The environmental impact of new and existing solutions for concrete structures was evaluated in this research with focus on material efficiency and durability. Product specific LCA studies were carried out on concrete structures with SCMs and the effect of durability of different mix design alternatives on the environment was evaluated. The following discussions and conclusions of this research are presented.

7.1. Major Conclusions

Environmental performance of low-energy buildings with vacuum insulation panels (Paper I)

Thin exterior walls increase the living floor area and they could be constructed either by having thin structural elements or by using insulation with a low thermal conductivity. This research is focused on the thermal insulation where VIPs were used. The purpose of low-energy buildings is to reduce the energy consumption and thereby lower the environmental impact. When analyzing the production stage and the operational energy the results show that the VIPs contribute to a significant share of the total environmental impact of the building. And even though the purpose was to lower the operational energy the material demands a high amount of energy during the production that the total primary energy will instead increase compared to the reference buildings.

A sensitivity analysis showed that there is a measurable difference between different VIP producers. This indicates that there is a possibility to reduce the environmental impact in the factory processes. The main environmental impact of the VIPs is derived from the core material and using recycled core materials could improve the durability. However, this is also related to thermal performance and further investigation is therefore needed.

Climate impact and primary energy of thin façade solutions made of reactive powder concrete (Paper II)

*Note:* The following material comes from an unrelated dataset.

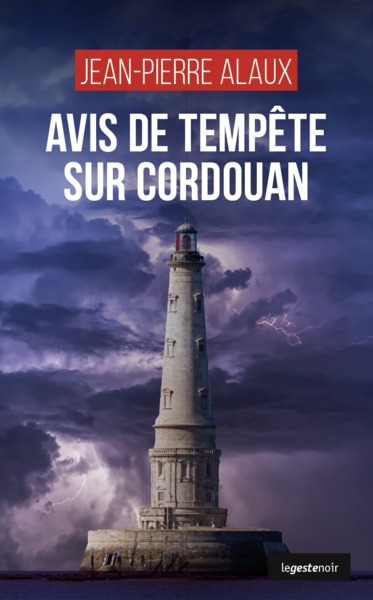 Image de AVIS DE TEMPETE SUR CORDOUAN (POCHE) COLL. GESTE NOIR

Although RPC contains a large amount of cement clinker and has a high global warming potential and primary energy per cubic meter, applying it in a 20 mm thin textile reinforced panel could reduce the environmental impact. The GHG reduction potential is 33 % when the RPC is applied in panels. It was also shown that it is possible to reduce the environmental impact of UHPC and yet obtain a high compressive strength with the use of SCMs.

Carbon fiber grids have a high environmental impact compared to steel reinforcement bars even though the weight is less. This could be reduced by using an alternative reinforcement or by minimizing the weight of the carbon fiber grid.